(Scraped caption text data)

#####

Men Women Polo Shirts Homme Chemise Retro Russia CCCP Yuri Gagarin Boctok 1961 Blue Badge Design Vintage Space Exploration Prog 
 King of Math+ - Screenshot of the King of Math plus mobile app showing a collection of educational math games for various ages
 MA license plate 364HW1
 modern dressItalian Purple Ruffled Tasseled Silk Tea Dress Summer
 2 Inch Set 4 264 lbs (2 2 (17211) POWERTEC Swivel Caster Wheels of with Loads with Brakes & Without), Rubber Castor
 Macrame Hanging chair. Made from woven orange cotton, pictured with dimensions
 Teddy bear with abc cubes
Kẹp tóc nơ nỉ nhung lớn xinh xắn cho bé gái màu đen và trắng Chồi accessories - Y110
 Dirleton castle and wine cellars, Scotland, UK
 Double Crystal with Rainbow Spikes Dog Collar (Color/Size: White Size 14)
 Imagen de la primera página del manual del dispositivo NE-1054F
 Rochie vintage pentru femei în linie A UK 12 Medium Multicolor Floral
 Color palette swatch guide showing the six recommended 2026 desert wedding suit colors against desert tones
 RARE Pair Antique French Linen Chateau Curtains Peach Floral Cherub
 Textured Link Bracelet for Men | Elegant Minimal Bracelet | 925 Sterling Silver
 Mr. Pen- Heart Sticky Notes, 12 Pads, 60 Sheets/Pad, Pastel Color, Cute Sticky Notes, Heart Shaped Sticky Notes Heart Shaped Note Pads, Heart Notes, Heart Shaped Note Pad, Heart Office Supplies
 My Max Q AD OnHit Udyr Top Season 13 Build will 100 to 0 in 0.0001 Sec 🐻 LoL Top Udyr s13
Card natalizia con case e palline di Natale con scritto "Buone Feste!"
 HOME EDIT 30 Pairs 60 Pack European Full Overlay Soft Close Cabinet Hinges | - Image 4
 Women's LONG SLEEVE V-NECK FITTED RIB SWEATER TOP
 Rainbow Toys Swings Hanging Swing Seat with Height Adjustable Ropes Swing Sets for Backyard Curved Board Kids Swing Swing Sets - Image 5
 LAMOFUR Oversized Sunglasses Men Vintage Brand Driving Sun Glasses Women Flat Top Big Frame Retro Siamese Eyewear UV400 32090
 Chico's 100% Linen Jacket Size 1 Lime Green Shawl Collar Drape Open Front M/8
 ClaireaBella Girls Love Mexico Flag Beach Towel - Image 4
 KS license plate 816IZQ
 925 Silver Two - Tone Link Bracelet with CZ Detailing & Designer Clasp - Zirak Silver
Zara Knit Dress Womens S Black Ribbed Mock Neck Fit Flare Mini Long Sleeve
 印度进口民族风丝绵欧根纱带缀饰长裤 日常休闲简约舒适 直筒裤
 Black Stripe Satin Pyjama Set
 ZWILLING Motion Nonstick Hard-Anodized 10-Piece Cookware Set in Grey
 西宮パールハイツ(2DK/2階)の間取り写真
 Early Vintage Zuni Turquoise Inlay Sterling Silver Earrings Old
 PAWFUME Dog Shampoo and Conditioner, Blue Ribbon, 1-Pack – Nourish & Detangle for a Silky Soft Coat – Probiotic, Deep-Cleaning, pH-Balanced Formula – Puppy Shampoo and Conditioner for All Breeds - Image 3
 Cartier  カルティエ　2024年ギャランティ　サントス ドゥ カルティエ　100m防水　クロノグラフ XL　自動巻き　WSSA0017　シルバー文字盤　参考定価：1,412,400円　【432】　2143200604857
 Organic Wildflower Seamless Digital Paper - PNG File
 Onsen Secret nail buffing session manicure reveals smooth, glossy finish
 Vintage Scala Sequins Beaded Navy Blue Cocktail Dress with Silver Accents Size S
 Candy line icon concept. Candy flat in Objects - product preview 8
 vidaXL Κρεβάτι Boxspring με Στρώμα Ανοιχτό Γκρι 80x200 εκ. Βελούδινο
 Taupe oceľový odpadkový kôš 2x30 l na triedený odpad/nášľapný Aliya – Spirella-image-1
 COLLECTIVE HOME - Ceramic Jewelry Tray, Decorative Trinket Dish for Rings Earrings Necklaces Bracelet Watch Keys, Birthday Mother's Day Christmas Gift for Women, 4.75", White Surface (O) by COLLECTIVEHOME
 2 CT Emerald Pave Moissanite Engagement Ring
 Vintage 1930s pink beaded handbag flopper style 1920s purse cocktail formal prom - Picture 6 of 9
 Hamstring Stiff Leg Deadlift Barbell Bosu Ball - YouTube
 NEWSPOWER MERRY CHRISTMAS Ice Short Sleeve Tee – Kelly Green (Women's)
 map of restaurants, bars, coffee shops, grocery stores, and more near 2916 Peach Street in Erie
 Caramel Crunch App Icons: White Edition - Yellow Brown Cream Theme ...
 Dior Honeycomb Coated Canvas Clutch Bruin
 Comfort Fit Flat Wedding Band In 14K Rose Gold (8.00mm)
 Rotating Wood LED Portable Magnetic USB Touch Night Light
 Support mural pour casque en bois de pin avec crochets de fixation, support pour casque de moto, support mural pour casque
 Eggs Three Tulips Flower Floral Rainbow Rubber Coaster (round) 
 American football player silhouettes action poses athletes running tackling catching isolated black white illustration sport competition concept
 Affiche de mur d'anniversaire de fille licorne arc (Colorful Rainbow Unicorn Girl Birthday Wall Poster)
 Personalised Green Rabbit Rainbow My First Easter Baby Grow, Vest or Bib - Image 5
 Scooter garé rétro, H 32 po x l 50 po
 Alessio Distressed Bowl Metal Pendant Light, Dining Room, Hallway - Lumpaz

#####

■ TASK TO CARRY OUT ■
Copy, exactly and with nothing added, the lines from the one containing "map of restaurants, bars, coffee" through the end of the records.

■ ANSWER FOR THIS EXERCISE ■
 map of restaurants, bars, coffee shops, grocery stores, and more near 2916 Peach Street in Erie
 Caramel Crunch App Icons: White Edition - Yellow Brown Cream Theme ...
 Dior Honeycomb Coated Canvas Clutch Bruin
 Comfort Fit Flat Wedding Band In 14K Rose Gold (8.00mm)
 Rotating Wood LED Portable Magnetic USB Touch Night Light
 Support mural pour casque en bois de pin avec crochets de fixation, support pour casque de moto, support mural pour casque
 Eggs Three Tulips Flower Floral Rainbow Rubber Coaster (round) 
 American football player silhouettes action poses athletes running tackling catching isolated black white illustration sport competition concept
 Affiche de mur d'anniversaire de fille licorne arc (Colorful Rainbow Unicorn Girl Birthday Wall Poster)
 Personalised Green Rabbit Rainbow My First Easter Baby Grow, Vest or Bib - Image 5
 Scooter garé rétro, H 32 po x l 50 po
 Alessio Distressed Bowl Metal Pendant Light, Dining Room, Hallway - Lumpaz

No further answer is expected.